Another unproductive argument concerns having small business pay less for health
insurance. The Clinton administration plan guarantees that firms over 75 workers
would pay no more than 7.9 percent of payroll for health insurance premiums, while
a firm of less than 25 workers who are paid an average wage of less than $12,000
would pay no more than 3.5 percent of payroll for health insurance.
Of course, such a sliding scale would cause problems. It means taxpayers will
have to subsidize health insurance for employees of small business. Moreover,
it provides an incentive for a large business to fire its low-paid workers (janitors,
food service, and so on), set them up as a small separate company, and then to
hire them back -- because as a small business of low-paid workers, they would
become eligible for federal health insurance subsidies. But these special provisions
for small firms miss the point in a more basic way. Repeat after me, one more
time: Even if a business signs the check for health insurance, workers are the
ones who actually pay.
The Clinton plan may sound as if it is proposing that small business should
pay less than large business; what it's actually saying is that employees of small
businesses should pay less for health insurance than employees of large businesses,
which makes no sense at all. There's no reason that what you pay for health insurance
should depend on the size of the company you work for, or on the average level
of wages at that company.
One alternative now kicking around Congress is that large firms might be required
to sign the checks for employee health insurance, while employees of small firms
might be required to buy their own insurance, if their company doesn't pay for
it. The powerful head of the Senate Finance Committee, Senator Daniel Patrick
Moynihan, suggested the likelihood of a plan along these lines on "Face the
Nation" last weekend.
A sensible health care reform might take this idea one step further, and mandate
that every household be responsible for having its own health insurance.

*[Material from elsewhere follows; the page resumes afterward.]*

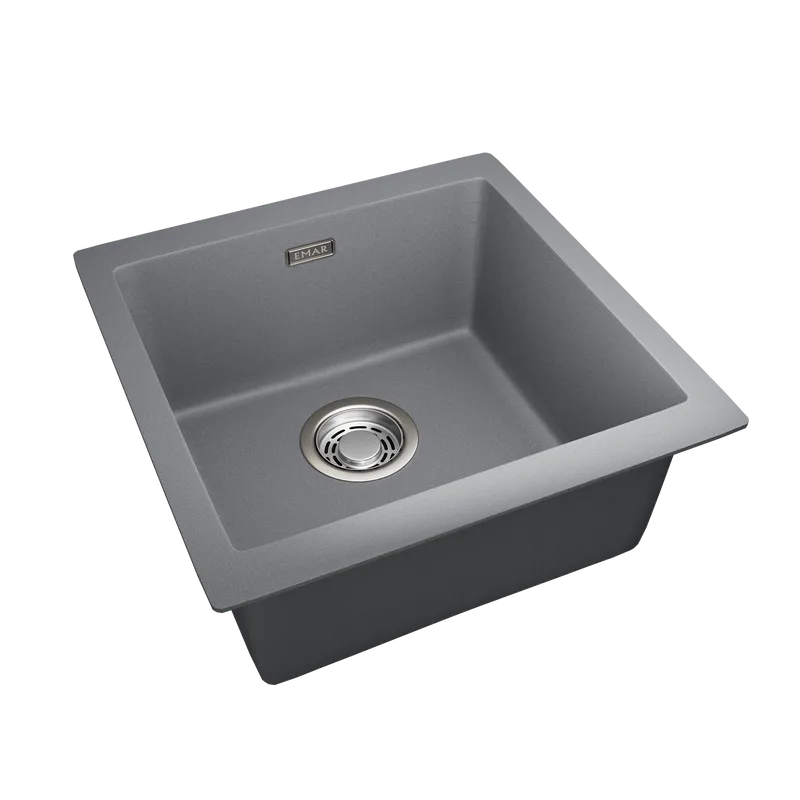 Мойка кухонная Emar Quartz EMQ-1455.P Алмаз Sancos — официальный сайт
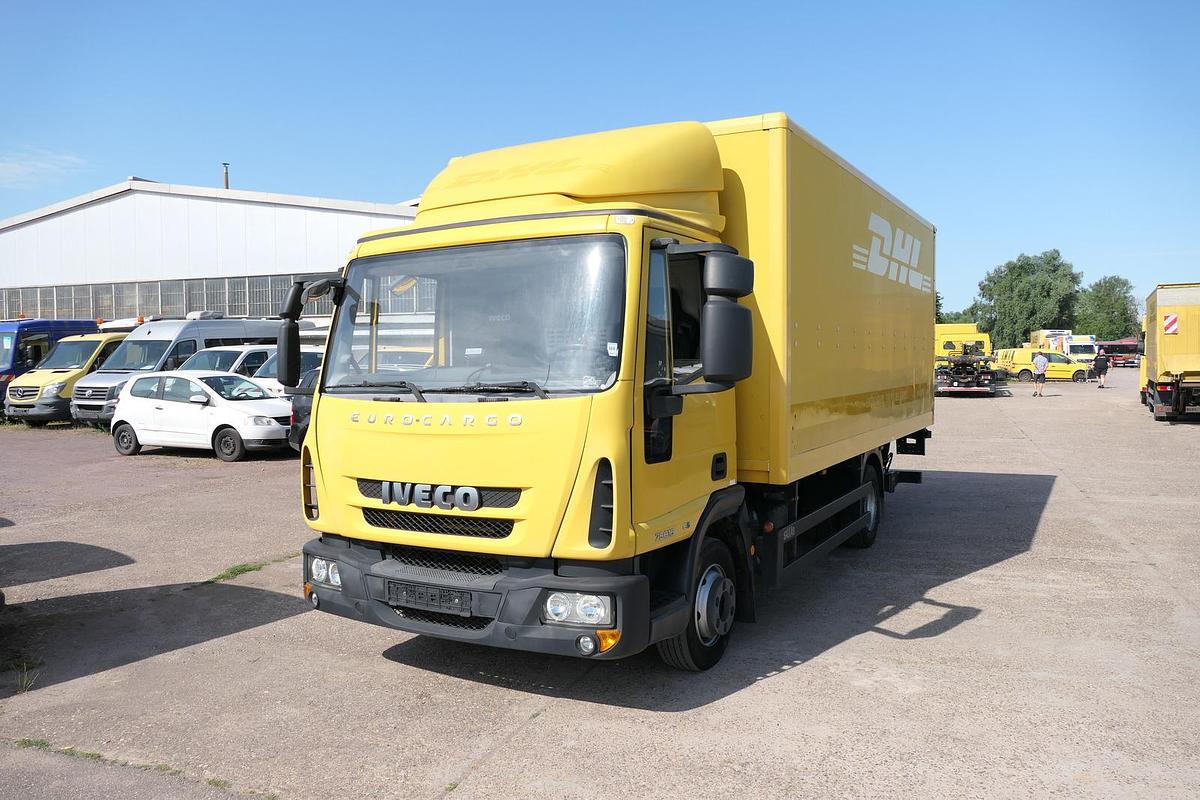 Gebraucht Iveco EuroCargo ML 75 E 16 P LBW LUFT AUTOMATIK COC EURO-5 Koffer-Innenlänge 5,5m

In such a scheme, many employers would continue to pay for employee health
insurance, both because employees would want it that way, and because it's easier
for a single employer to negotiate the details of health insurance coverage than
for hundreds of employees to negotiate on their own. That would be fine; having
your employer provide health insurance (and pay correspondingly lower wages) would
meet the individual mandate.
For others, government would also need to assist in setting up health insurance
purchasing alliances to assure fundamental meat-and-potatoes insurance to small
businesses and individual households. Government subsidies on a sliding scale
would be necessary for poor and near-poor households.
It's time to surrender the delusion that "employers pay" for health
insurance. That wrong-headed starting point leads only to confusion and irrelevancy.
The health policy debate should simply admit that people pay for health insurance,
one way or another, and focus on figuring out how to design and finance a reform
in which every household has basic coverage.